**DIRECTIONS:** Using the listing below, set down exactly the lines from the one that contains "a living room" through the one that contains "Silvrig korshalsband med", with no pictures.

--------------------

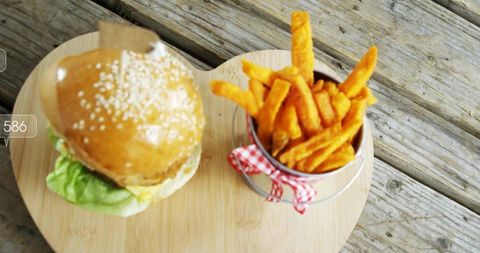 Gourmet burger with sesame bun and sweet potato fries on wooden board for outdoor picnic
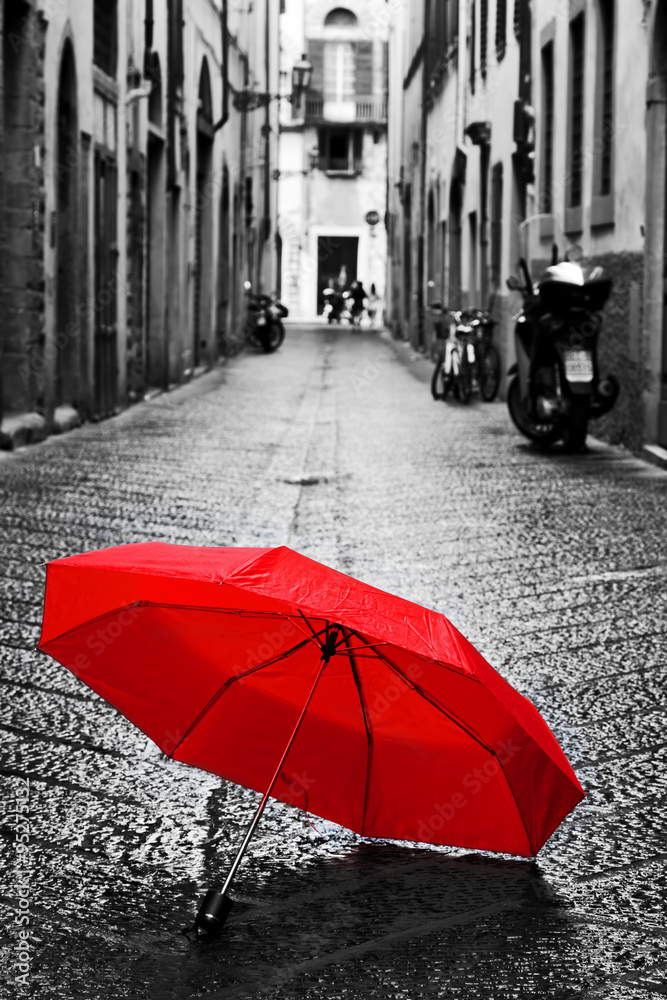 Red umbrella on cobblestone street in the old town. Wind and rain - obrazy, fototapety, plakaty 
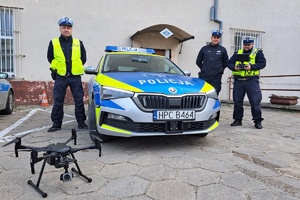 Policjanci stoją przy radiowozie, z przodu prezentują drona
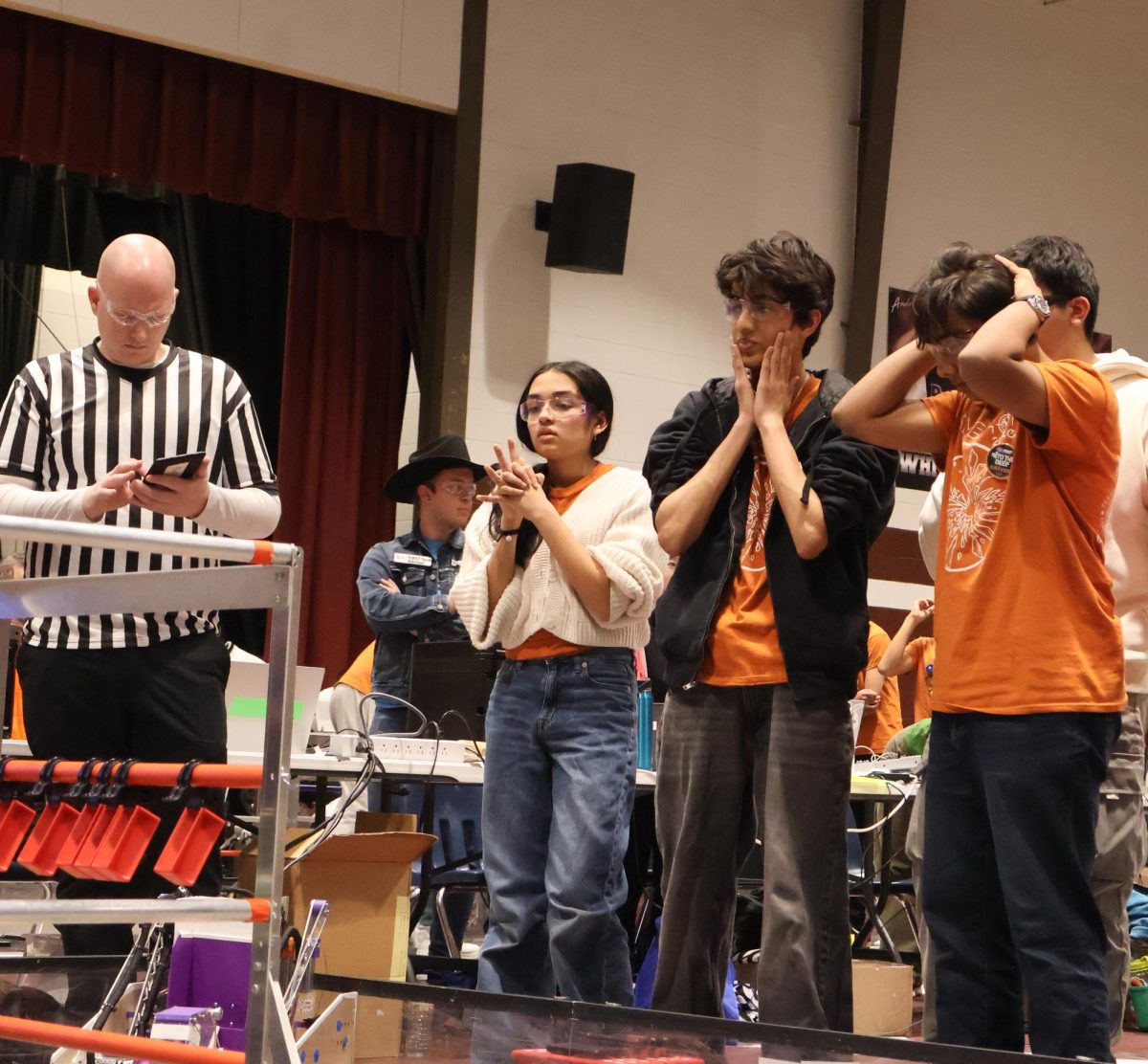 Distressed, Rupal Jain ’27, Arhaan Jafri ’27, and Souren Uchat ’26 of Team Slingshot anxiously await the final score after a match. Having driven their team’s robot all season, the trio built strong chemistry and teamwork, however, the cancellation of the State Championship has made their journey to the World Championship much more difficult.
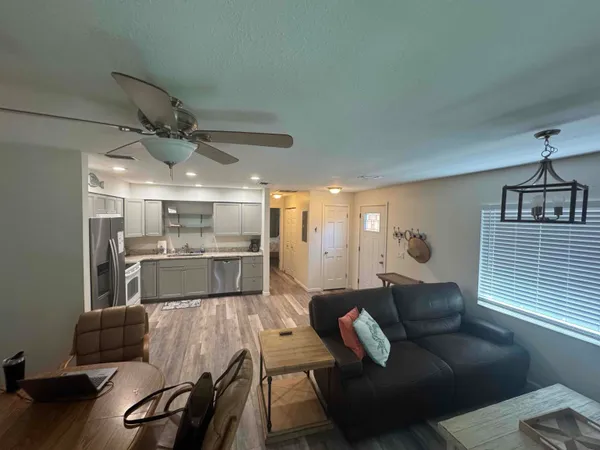 a living room with furniture and a chandelier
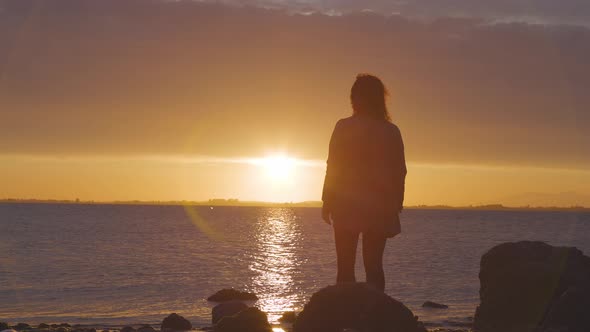 Adventure Caucasian Adult Woman Standing on a Rocky Beach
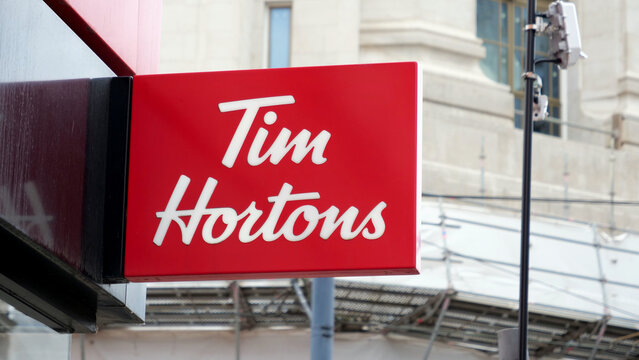 Manchester, England, UK - 18 June 2026: Tim Hortons sign, fast food restaurant logo close up, Canadian coffee shop exterior banner on building facade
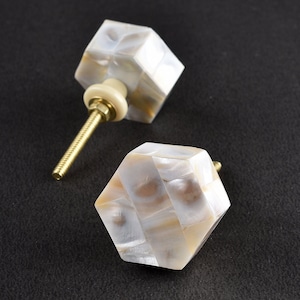 Puede incluir: Dos pomos hexagonales blancos para armario con tornillo dorado. Los pomos tienen un acabado nacarado.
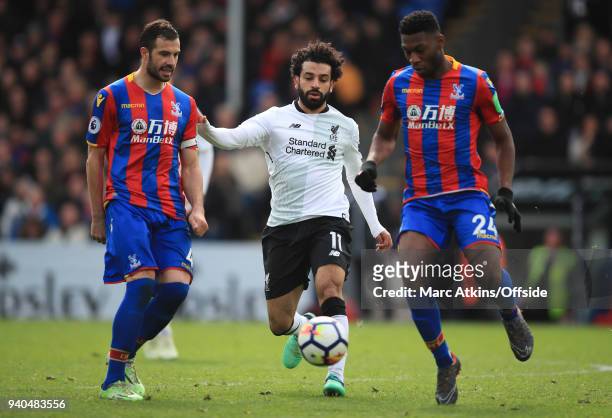 Mohamed Salah of Liverpool in action with Luka Milivojevic and Timothy Fosu-Mensah of Crystal Palace during the Premier League match between Crystal...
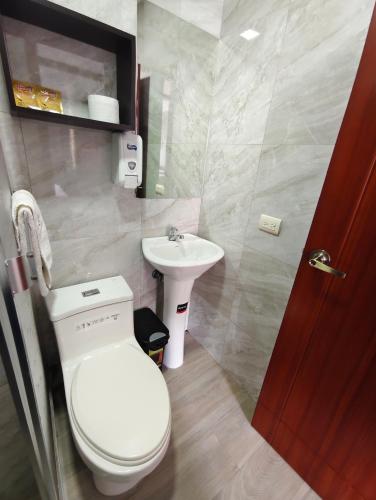 a bathroom with a toilet and a sink at Hotel GM zamora Balcony in Zamora
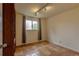 Bright bedroom with tile floors and a window providing ample natural light at 3722 Monterey Pl, Boulder, CO 80301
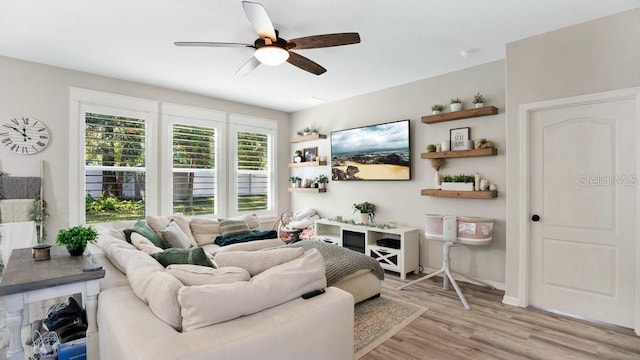 living room featuring light hardwood / wood-style flooring and ceiling fan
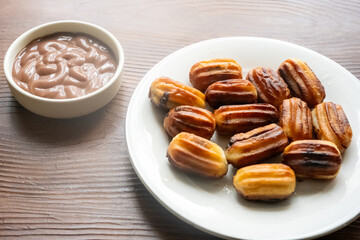 Close-up of churros dessert on a white vintage plate and hot chocolate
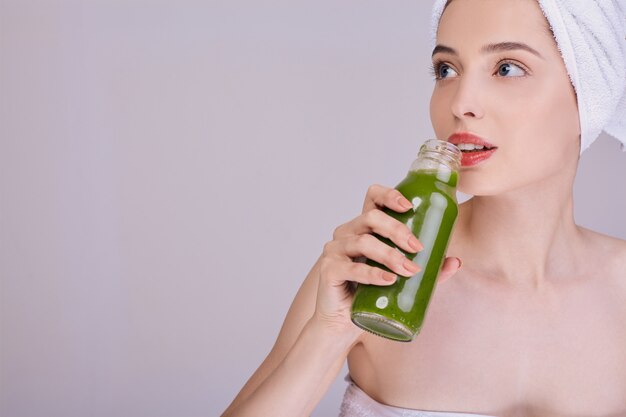 Lady genießt nach dem Duschen einen grünen Smoothie in einer Flasche.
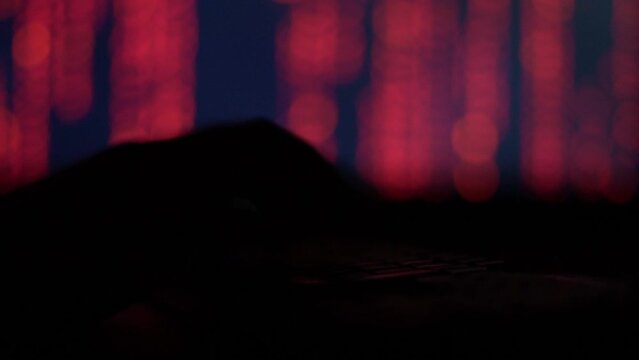 Hands of a cybercriminal working with a computer keyboard. On a red background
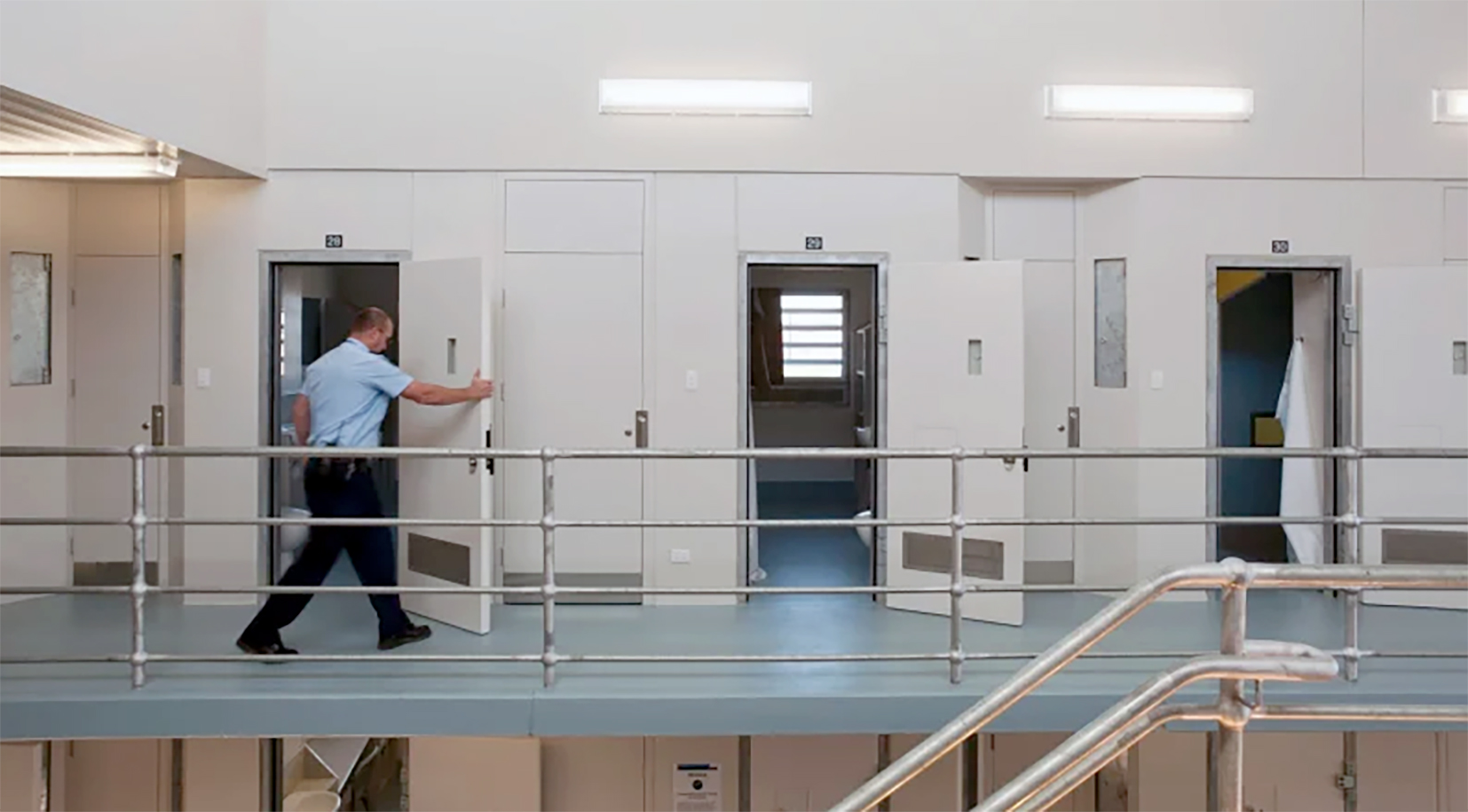 A prison guard opens a cell door.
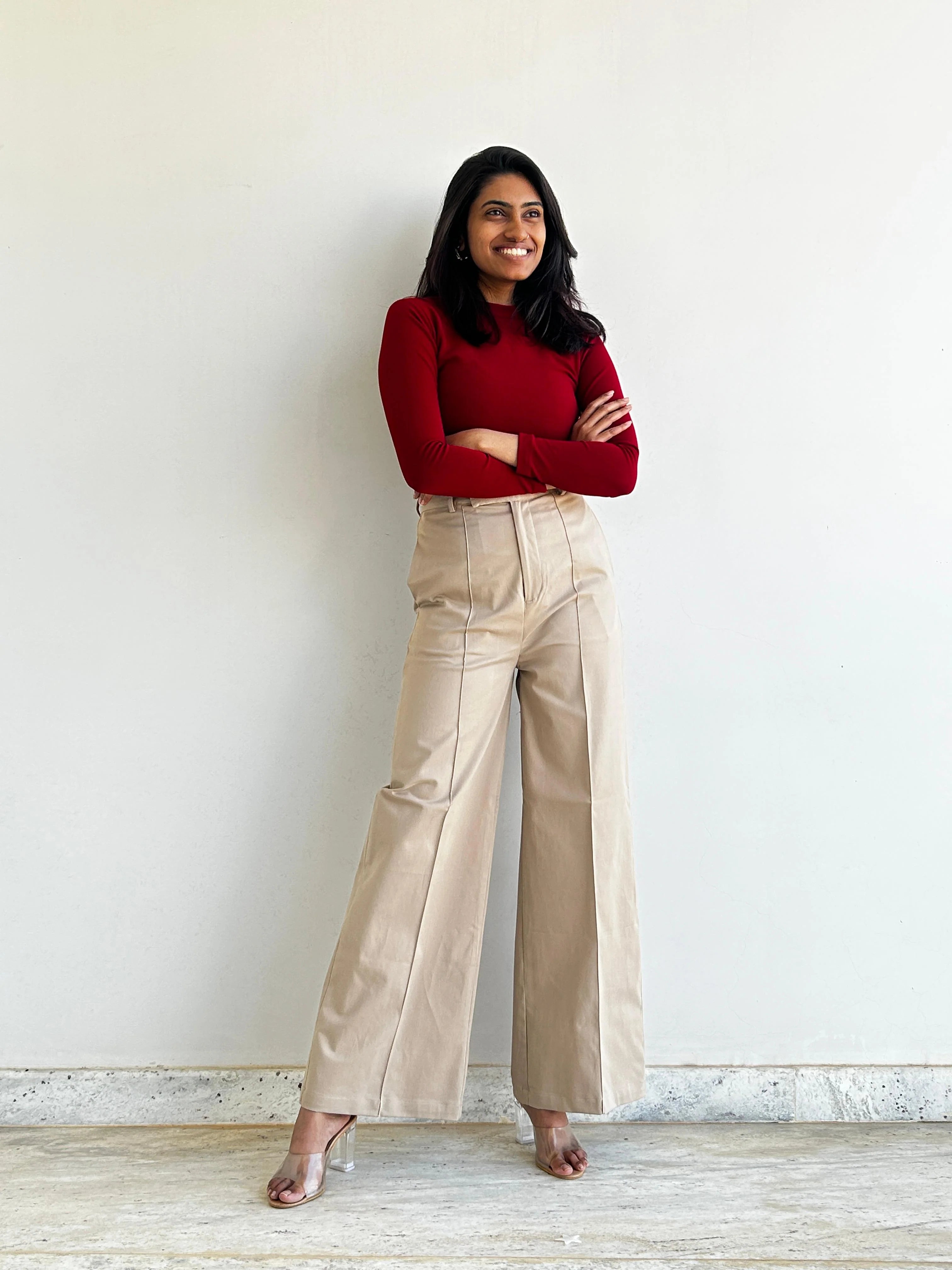 A woman wearing beige wide leg high rise formal trouser | beige office pant | Asqeu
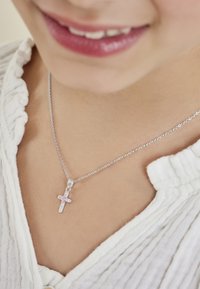 Silvrig korshalsband med en rosa ädelsten, prytt med en delikat kedja. Korset har en strukturerad design och bärs nära en vit, volangblus.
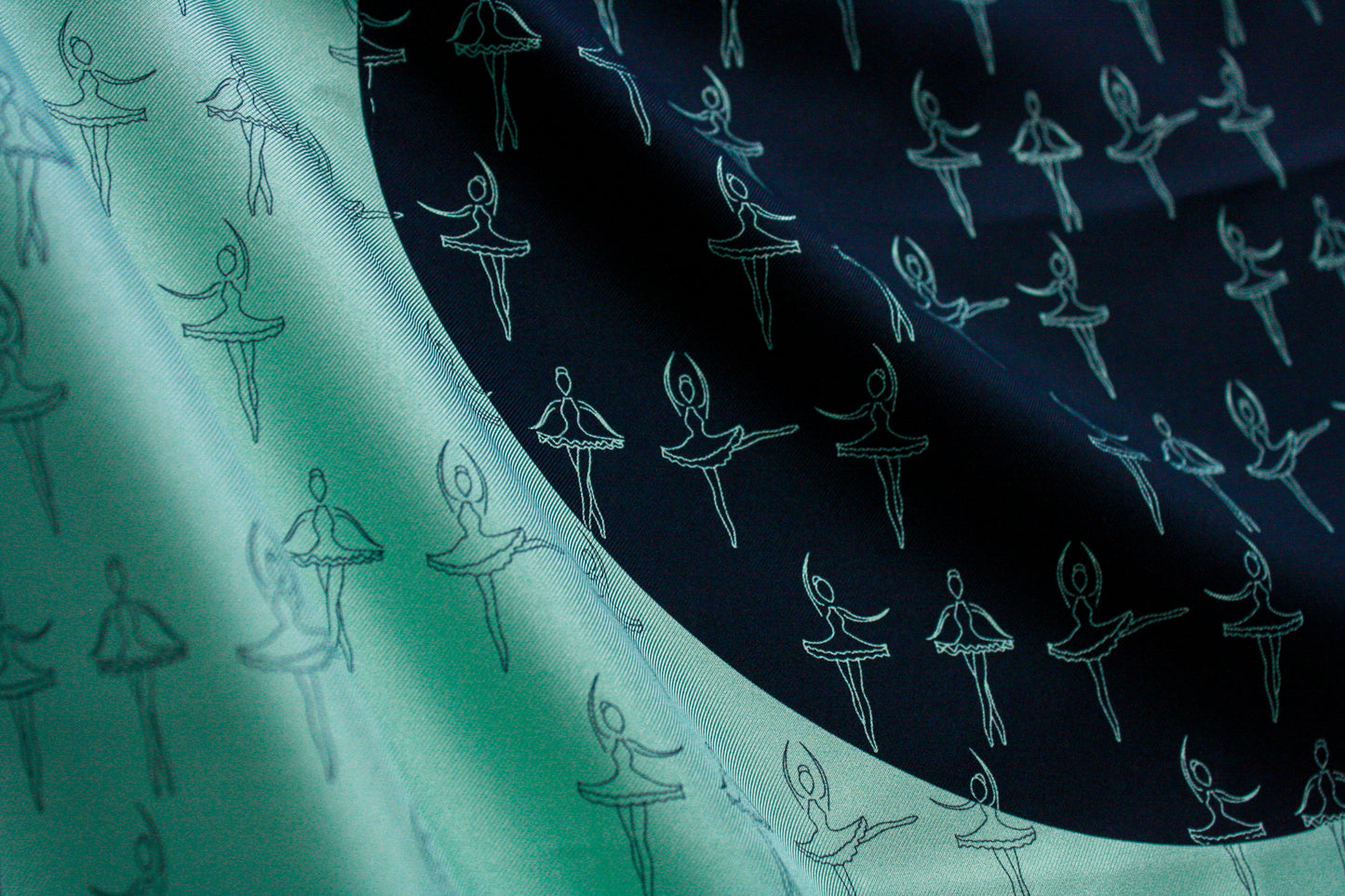 Close up of details of Ballet - The Poised Rogue 60x60cm cool green silk scarf with black ballerina lineart
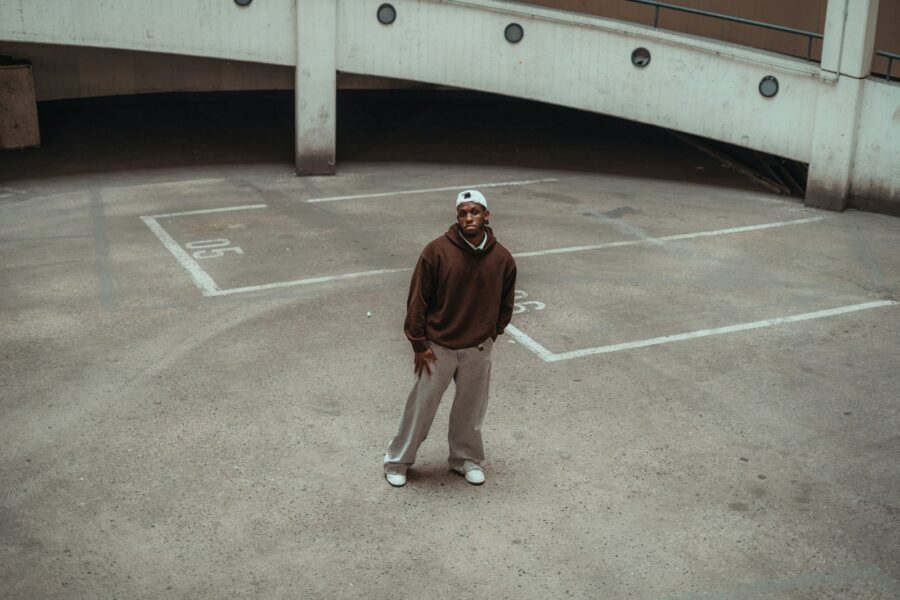 Man in brown hoodie standing on concrete court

--------------------

**REPLY TO THE EXERCISE:**
 a living room with furniture and a chandelier
 Adventure Caucasian Adult Woman Standing on a Rocky Beach
 Manchester, England, UK - 18 June 2026: Tim Hortons sign, fast food restaurant logo close up, Canadian coffee shop exterior banner on building facade
 Puede incluir: Dos pomos hexagonales blancos para armario con tornillo dorado. Los pomos tienen un acabado nacarado.
 Mohamed Salah of Liverpool in action with Luka Milivojevic and Timothy Fosu-Mensah of Crystal Palace during the Premier League match between Crystal...
 a bathroom with a toilet and a sink at Hotel GM zamora Balcony in Zamora
 Bright bedroom with tile floors and a window providing ample natural light at 3722 Monterey Pl, Boulder, CO 80301
 living room featuring light hardwood / wood-style flooring and ceiling fan
 Close-up of churros dessert on a white vintage plate and hot chocolate
 Lady genießt nach dem Duschen einen grünen Smoothie in einer Flasche.
 Hands of a cybercriminal working with a computer keyboard. On a red background
 A prison guard opens a cell door.
 A woman wearing beige wide leg high rise formal trouser | beige office pant | Asqeu
 Silvrig korshalsband med en rosa ädelsten, prytt med en delikat kedja. Korset har en strukturerad design och bärs nära en vit, volangblus.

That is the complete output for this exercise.